A Maldives policeman charges with baton towards protesters after the government declared a 15-day state of emergency in Male, Maldives, early Tuesday. (Mohamed Sharuhaan/Associated Press)

The Maldives opposition leader and two Supreme Court judges were arrested early Tuesday hours after the government declared an emergency in the Indian Ocean nation that has been increasingly in turmoil in the days since the court ordered several jailed politicians to be freed.

The charges against opposition leader Maumoon Abdul Gayoom include bribery and attempting to overthrow the government, his lawyer, Maumoon Hameed, said on Twitter. Gayoom was president from 1978 to 2008, when Maldives became a multiparty democracy, and is the half-brother of the current president, under whose rule the archipelago has lost many of its democratic gains.

The 15-day emergency decree issued late Monday gives the government sweeping powers to make arrests, search and seize property and restricts freedom of assembly, officials said.

Soon after the declaration, security forces stormed into the Supreme Court building, where Chief Justice Abdulla Saeed and judge Ali Hamid were arrested.
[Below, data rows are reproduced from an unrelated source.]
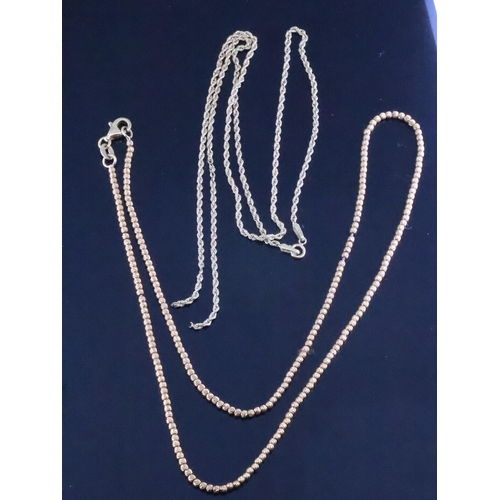 216 - Two 18ct gold chains, total weight 9.1 grams (one chain broken)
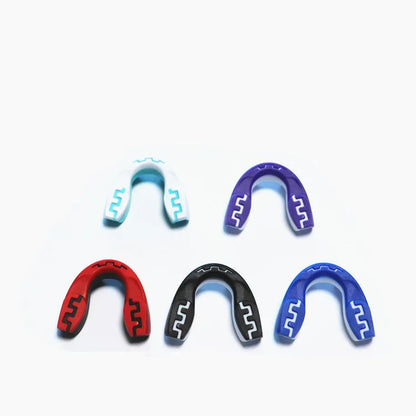 Custom mouldable boxing mouthguard with tooth socket design in black and white colour for adult combat sports.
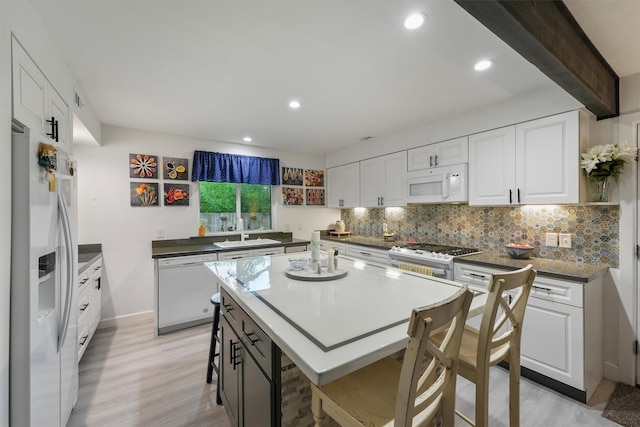 kitchen with a sink, white appliances, and white cabinetry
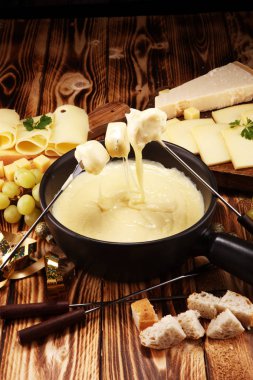 Bir kış akşamında gurme İsviçre fondü yemek peynir fondü iki çatal bir lokali veya restoran ekmek daldırma ile ısıtmalı bir sürahi yanında bir gemide çeşitli peynir ile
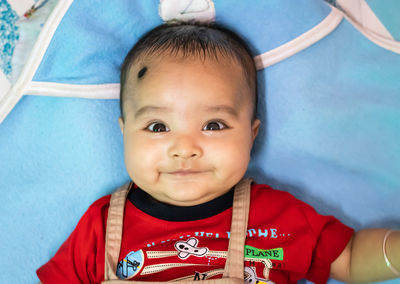 Cute infant facial expressing from top angle indoor shot
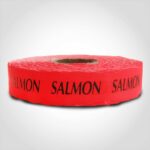 salmon label with red background on roll of stickers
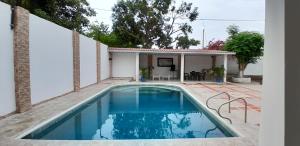 a swimming pool in front of a house at Villa Roy in Santa Marta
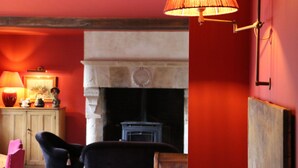A cozy room with a fireplace, a lamp, and a chair. - Auberge Bout de Bois (Saint-Jouin-Bruneval)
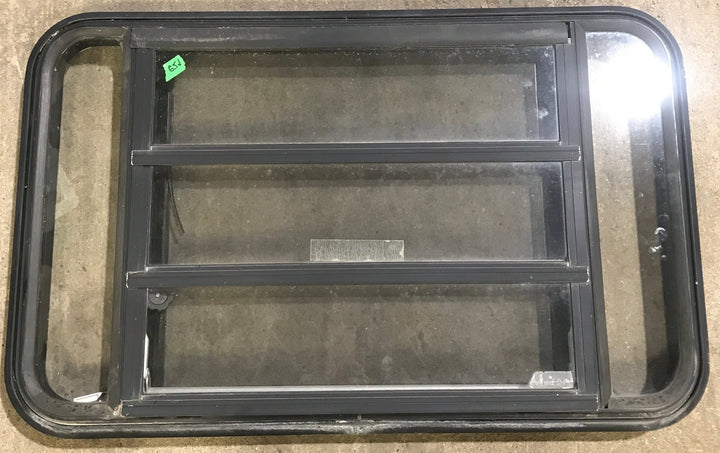 Used Black Radius Emergency Opening Window : 35" W x 21 1/4" H x 1 7/8" D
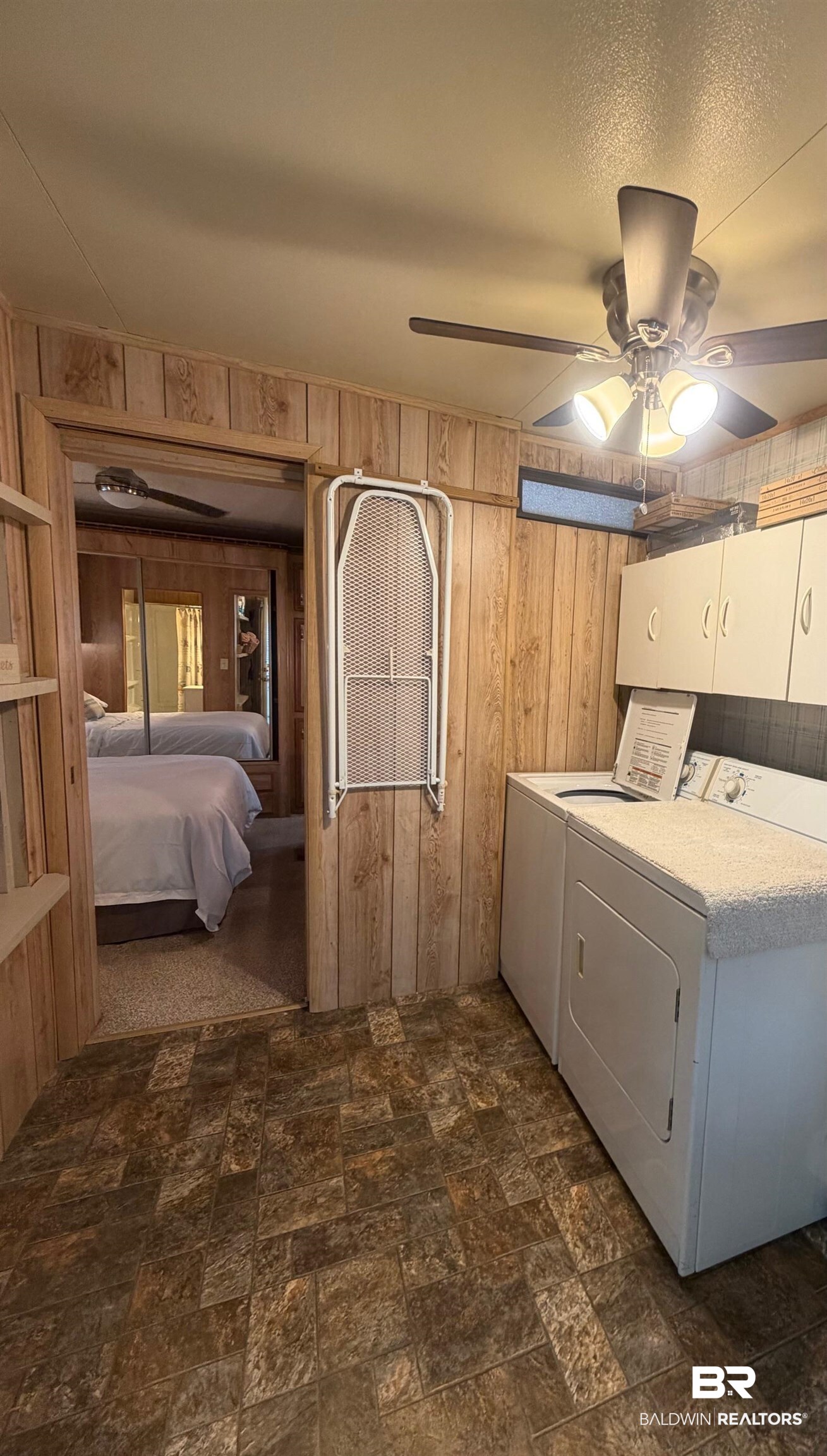 685 Escambia Loop Lillian, AL 36549 - Photo 19 of 43 Laundry room with wood walls, stone finish floors, cabinet space, a ceiling fan, and washing machine and dryer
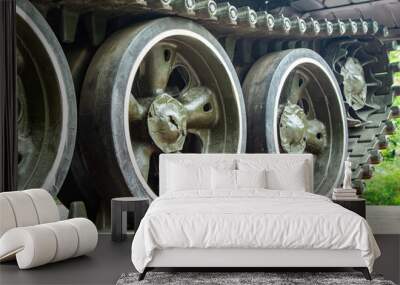 Caterpillars of a tank wheel close up. Wall mural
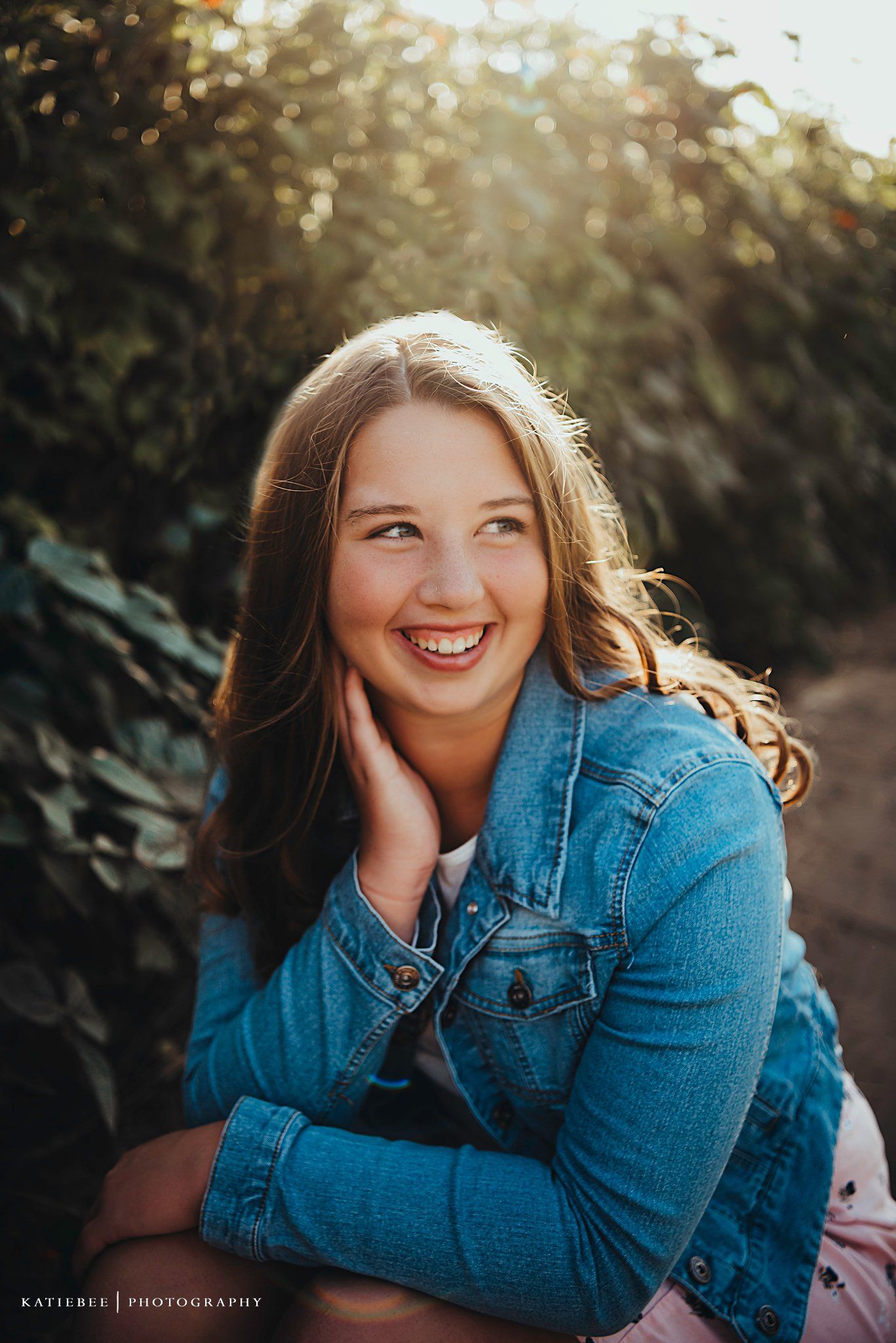 Close-up portrait with natural lighting and greenery in background.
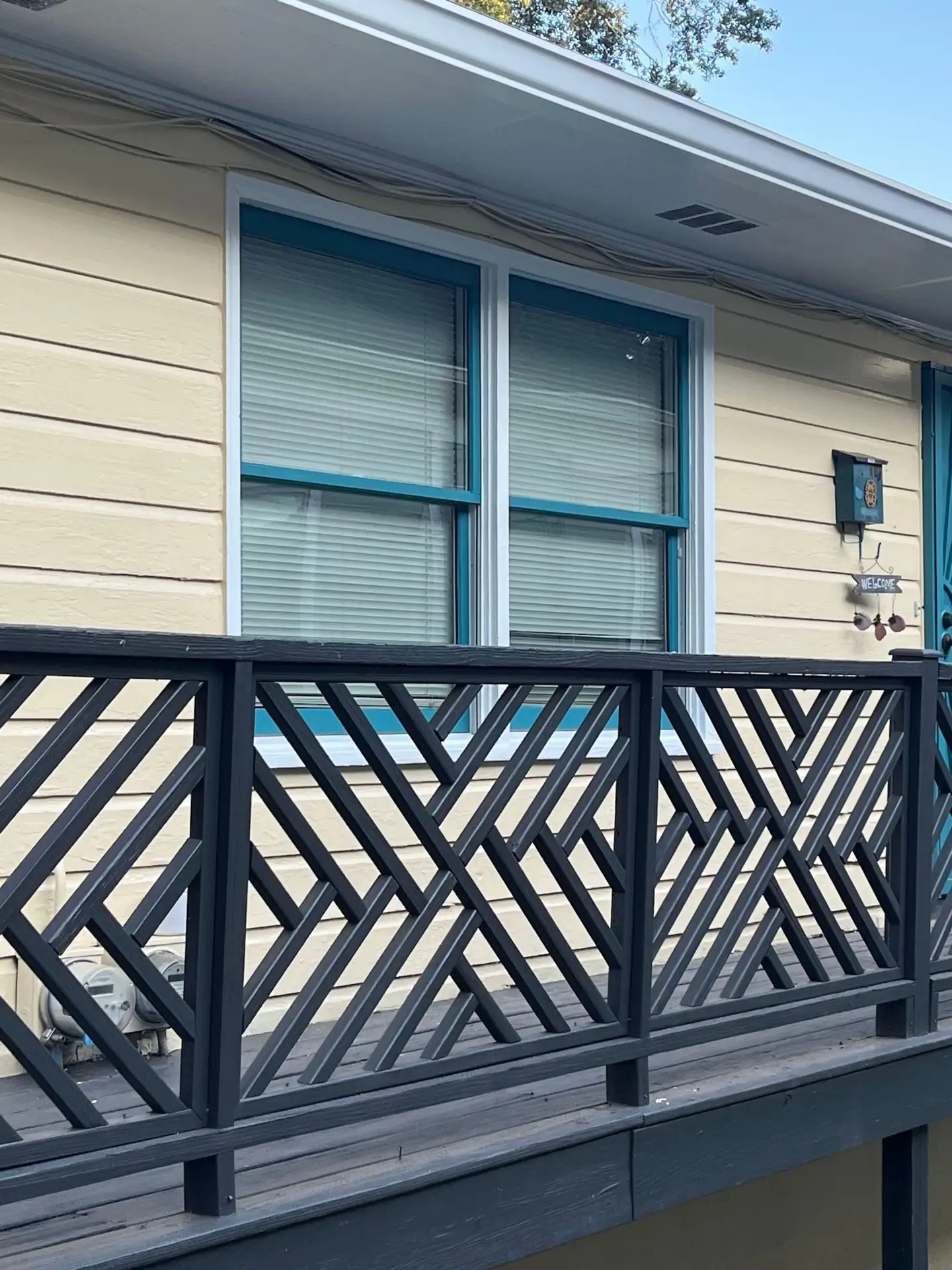 New, white Dyke Industries wood sash pack installed cleanly into the original wood window frame with visible Low-E glass.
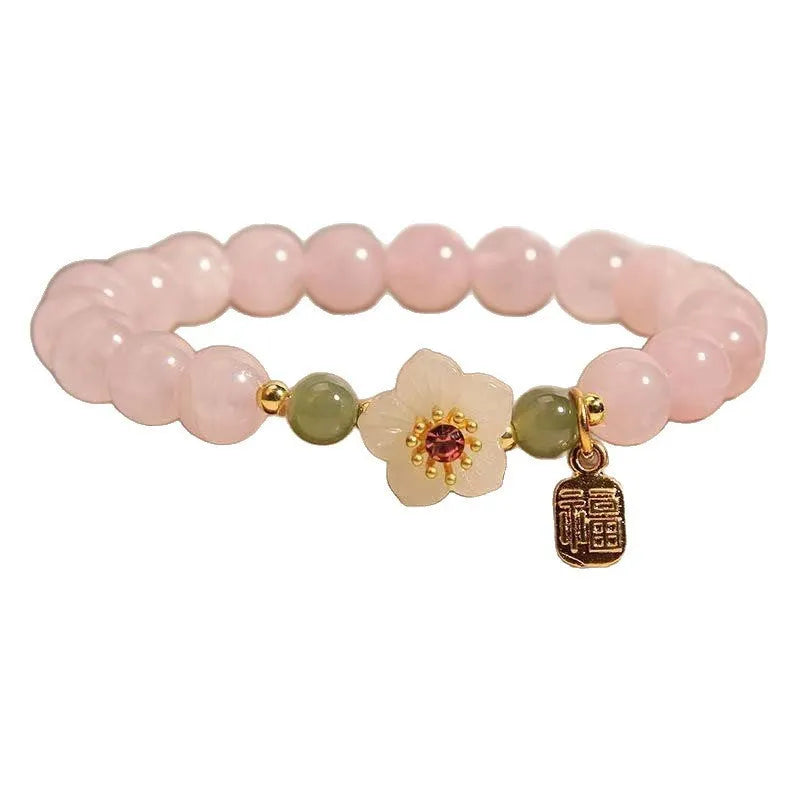 Women's crystal bracelet with peach blossom design and Hetian jade beads in blessing card colour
The charges against them have not been specified. The whereabouts of the court's other two judges were not known Tuesday morning.

Soldiers keep politicians from parliament

Since the surprise, unanimous ruling last week ordering the release of imprisoned opposition leaders, President Yameen Abdul Gayoom has lashed out at the court, opposition protests have spilled into the streets of the capital, Male, and soldiers in riot gear have stopped lawmakers from meeting in the parliament building.

Former Maldives president and opposition leader Maumoon Abdul Gayoom is taken to prison by police after the government declared a 15-day state of emergency. (Mohamed Sharuhaan/Associated Press)

In a statement issued after the state of emergency was announced on state television, Yameen said "though certain rights will be restricted, general movements, services and businesses will not be affected."

In a letter to the court released by the president's office, Yameen said the court's order to release prisoners had encroached on the powers of the state and was an "infringement of national security and public interest." He urged the court to "review the concerns" of the government.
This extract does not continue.